CHP Muğla Milletvekili Gizem Özcan, TBMM Plan ve Bütçe Komisyonu’nda söz alarak iki farklı Türkiye tanımı yaptı. “Bir saraylıların ülkesi; bir de yoksulların, ezilenlerin, alın terinin hakkını alamayanların ülkesi var” diyen Özcan, iki Türkiye’de adaletin kılıcı ve terazisinin farklı işlediğini söyledi.
Cumhuriyet Halk Partisi (CHP) Muğla Milletvekili ve Türkiye Büyük Millet Meclisi (TBMM) Adalet Komisyonu Üyesi Gizem Özcan, dün (21 Kasım 2023) gerçekleşen TBMM Plan ve Bütçe Komisyonu’nda söz aldı.
“BİR SARAYLILARIN; BİR DE YOKSULLARIN, EZİLENLERİN, ALIN TERİNİN HAKKINI ALAMAYANLARIN ÜLKESİ VAR”
Adalet Bakanı Yılmaz Tunç’a yönelik konuşmasında “İki Türkiye” tanımı yapan Özcan iki Türkiye arasındaki adalet anlayışına dair uçurumun arttığını söyledi. Özcan aradaki farka dair ise şunları söyledi:
“Neden ‘İki Türkiye’ diyorum? Biri saraylıların ülkesi, orada hukuk tanımazlık var, korunup kollanma var, karanlık odaklar var, uyuşturucu var, kara para var; diğeri ise yoksulların, ezilenlerin, alın terinin hakkını alamayanların ülkesi. Orada geçim derdi, kadın cinayetleri, iş cinayetleri, itiraz edince yenilen biber gazı, gözaltı var. Adaletin kılıcı da terazisi de bu iki Türkiye’de farklı işliyor.”
“NEDEN KARANLIK ODAKLARIN ÜZERİNE TAMAMEN GİDEMİYORSUNUZ?”
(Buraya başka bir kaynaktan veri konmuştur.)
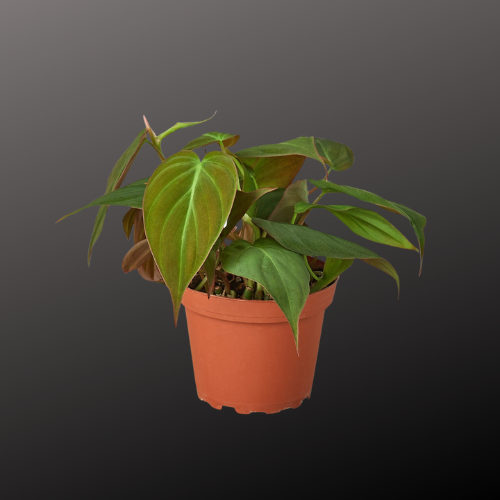 Philodendron 'Velvet'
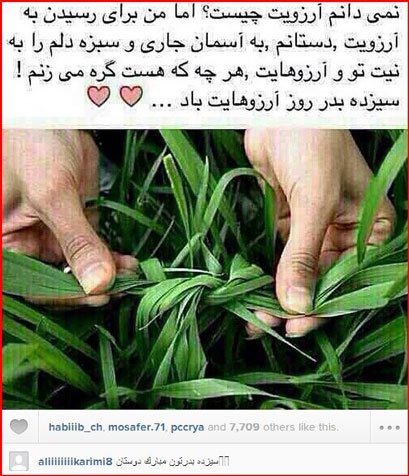 اخبار,اخبار ورزشی , علی کریمی اخبار,اخبار ورزشی , علی کریمی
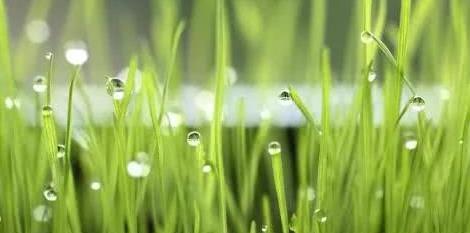 【每天一首诗】《草的名字》您知道多少呢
Konuşmasına Hırant Dink cinayetine değinerek Başlayan Özcan, “Eğer karanlık dehlizlerde planlanan bir cinayet işlediyseniz, gözaltına alındığınızda sırtınız sıvazlanır, göstermelik cezalarla tahliye edilirsiniz. İşte, Ogün Samast, ülkenin bağrına hançer gibi saplanan Hrant Dink cinayetinin faili geçen hafta serbest kaldı. Sayın Bakan, bir bebekten katil yaratan karanlığı sorgulamadan hiçbir şey yapılamaz. Samast bir tetikçiydi, cinayeti tertipleyenler ise aramızda. Neden karanlık odakların üzerine tamamen gidemiyorsunuz?” diye sordu.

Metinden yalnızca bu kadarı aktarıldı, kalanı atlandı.